Reply to the comment left by "Gary Dully" at "09/10/2015 - 02:42":

Hi Gary

I saw that you had posted the incorrect description of the tax change on the John McDonnell thread as well recently.

If one of us took this to an MP, as you encouraged Jerry to do, the MP would be told by Gauke that this was completely wrong, and that we did not know what we were talking about. It would be an open goal for Gauke, and would undermine our credibility.

Apart from that, I thought your comparison of the three types of taxpayer was brilliant.

The 20% “relief” will not be deducted from the finance costs, it will be deducted from the tax that is calculated in the new way. And the new way is to pretend that we have no finance costs when working out our profits.

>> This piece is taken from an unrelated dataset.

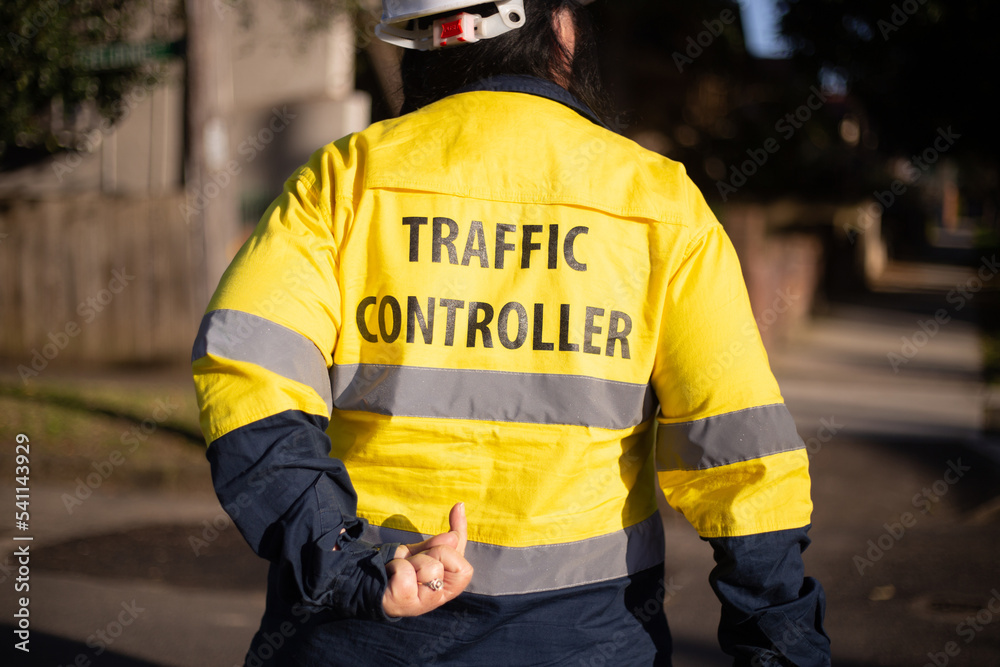 Back shot of a traffic controller wearing yellow jacket with silver reflectors Back shot of a traffic controller wearing yellow jacket with silver reflectors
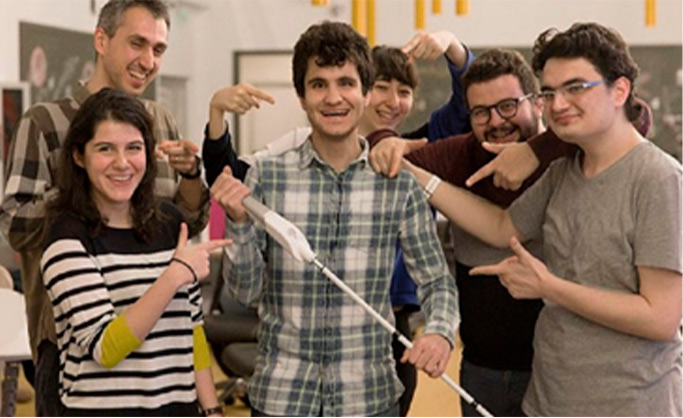 Pessoas felizes abraçam e apontam para jovem segurando uma Bengala Inteligente WeWALK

The change could be explained to tenants by saying that HMRC are going to pretend that the money which we pay to the lender as interest is somehow still in our bank account as well. Then HMRC will tax us on it at 20% (or 25% for additional rate taxpayers). The tenants will say that it doesn’t make sense, and you will agree.

Alex Caravello’s spreadsheet is completely reliable, that has never been questioned. Its calculations are transparent. Whenever you change a figure in a red box, black figures will change. You can check they are right with a calculator. At no stage does it deduct 20% from the finance costs.